This is not some sort of theoretical problem for LGBTQ people. This was particularly common in the 1980s and '90s, when society was less accepting of LGBTQ rights and outing someone could ruin a person's life and career. And it's a major concern that, as a gay man, I have heard from nearly every LGBTQ person I have personally interacted with in my life. Whether it's the threat of being outed as a teenager or as an adult, the fear that your sexual orientation or gender identity will be used as a weapon against you is a horrifying possibility.
For me, it's one of the reasons I was afraid to come out to anyone until my senior year of high school. I was afraid not only that whoever I told would reject me, but that they would turn around and use the knowledge of my gayness to make other people reject me. It was perfectly reasonable in my insecure teenage mind that I would quickly become the laughingstock of the entire school and my family if anyone found out I was gay.

It was one of the reasons I felt the need to seclude myself in online video games where I could anonymously tell people I'm gay — I knew I couldn't be myself in real life, so why bother with the real world? And this seclusion only led to depression, which I only managed to free myself of after I came out.
I was fortunate enough that when that happened, no one rejected me. But many people do not live in that reality. Many LGBTQ people live in places, have families, or work in environments that are not accepting of different views on sexuality or gender.

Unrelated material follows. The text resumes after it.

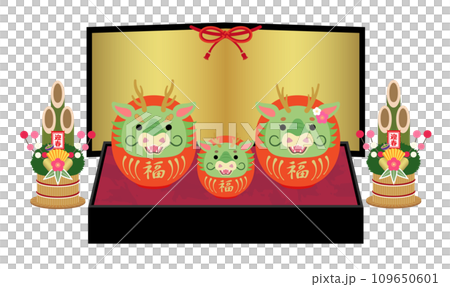 2024年 辰年 台座に乗った赤い辰だるまの家族と金屏風 2024年 辰年 台座に乗った赤い辰だるまの家族と金屏風 109650601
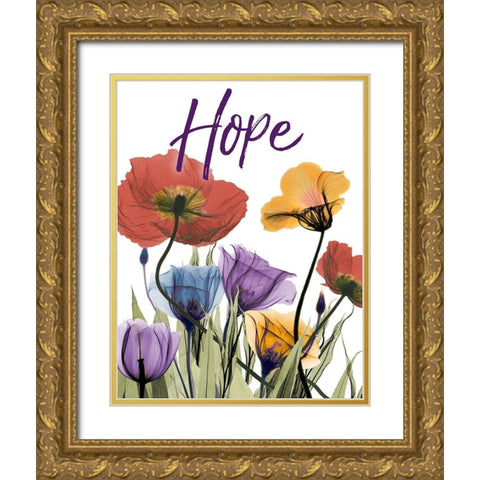 Hopeful Flowerscape Gold Ornate Wood Framed Art Print with Double Matting by Koetsier, Albert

These are the kind of conditions that would push someone to, for example, remain in the closet for all his life, get married to someone of the opposite sex, and hire escorts behind his spouse's back — risking literally ruining everything he loves in his life because he fears being honest with those around him.
And when a media outlet outs someone and potentially ruins his life, it only reinforces the fears — by confirming there are still prominent spaces that aren't afraid to needlessly shred someone's life for traffic.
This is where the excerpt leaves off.